**DATA FOR THIS TASK**
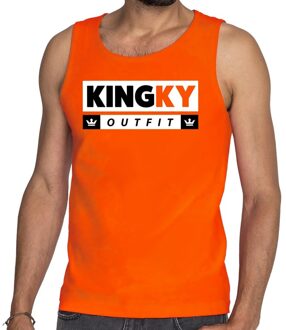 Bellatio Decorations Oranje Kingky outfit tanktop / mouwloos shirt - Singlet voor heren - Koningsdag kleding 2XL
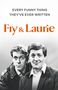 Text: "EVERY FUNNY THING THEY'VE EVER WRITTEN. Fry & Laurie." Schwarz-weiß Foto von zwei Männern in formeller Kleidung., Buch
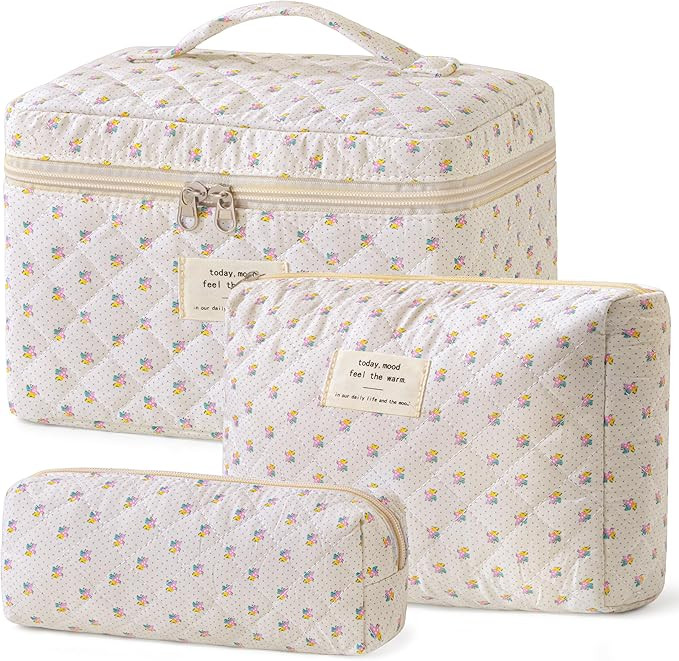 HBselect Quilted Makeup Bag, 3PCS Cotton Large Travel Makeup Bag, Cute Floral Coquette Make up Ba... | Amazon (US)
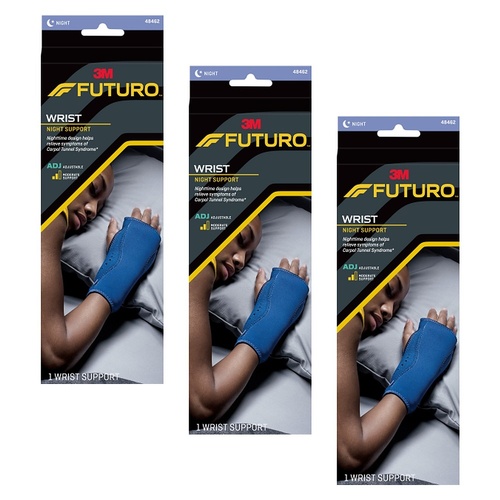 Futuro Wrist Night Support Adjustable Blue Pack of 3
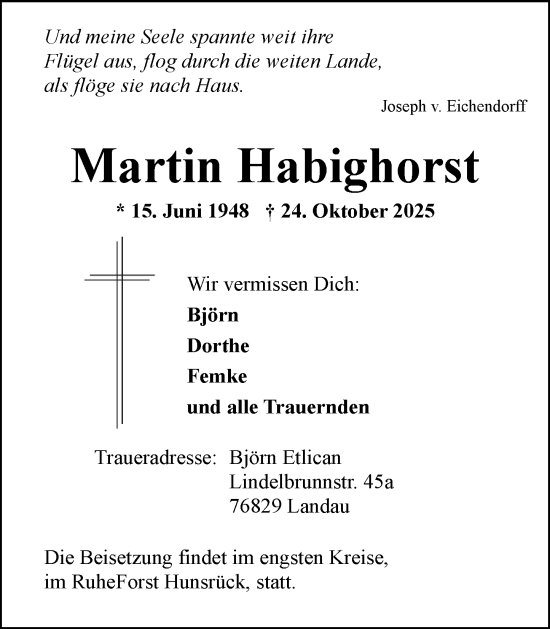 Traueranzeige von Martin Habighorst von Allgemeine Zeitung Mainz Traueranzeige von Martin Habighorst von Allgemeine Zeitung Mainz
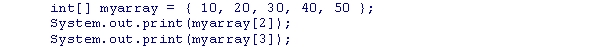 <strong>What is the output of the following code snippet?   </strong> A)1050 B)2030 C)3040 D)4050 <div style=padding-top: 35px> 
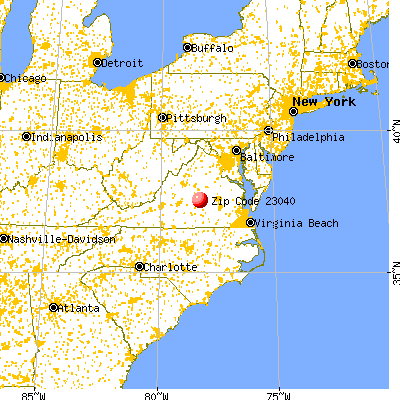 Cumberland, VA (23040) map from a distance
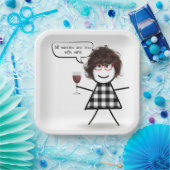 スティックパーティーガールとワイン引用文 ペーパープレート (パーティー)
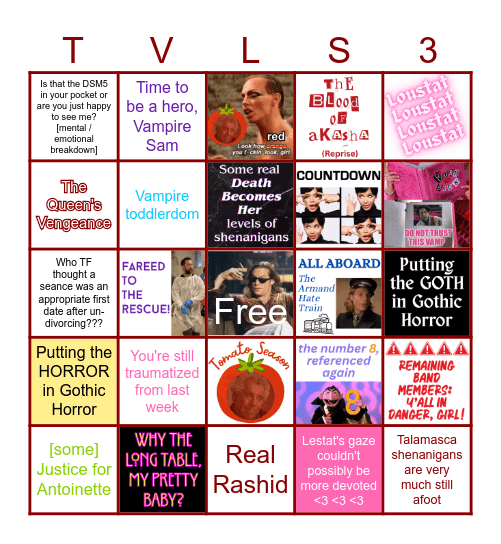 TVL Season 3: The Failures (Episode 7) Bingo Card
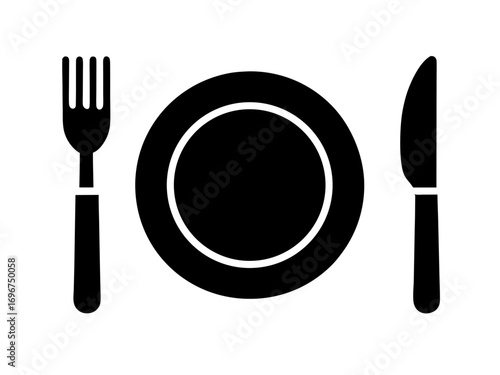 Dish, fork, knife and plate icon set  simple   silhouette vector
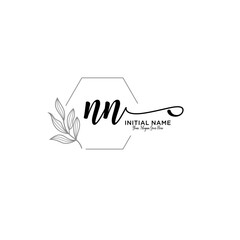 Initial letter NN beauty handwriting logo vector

**REQUIRED WORK**
For the entries above, print exactly the lines between the one with "HBselect Quilted Makeup" and the one with "<strong>What is the", inclusive, with no pictures.

**TASK RESPONSE**
 HBselect Quilted Makeup Bag, 3PCS Cotton Large Travel Makeup Bag, Cute Floral Coquette Make up Ba... | Amazon (US)
 Futuro Wrist Night Support Adjustable Blue Pack of 3
 Traueranzeige von Martin Habighorst von Allgemeine Zeitung Mainz Traueranzeige von Martin Habighorst von Allgemeine Zeitung Mainz
 <strong>What is the output of the following code snippet?   </strong> A)1050 B)2030 C)3040 D)4050 <div style=padding-top: 35px> 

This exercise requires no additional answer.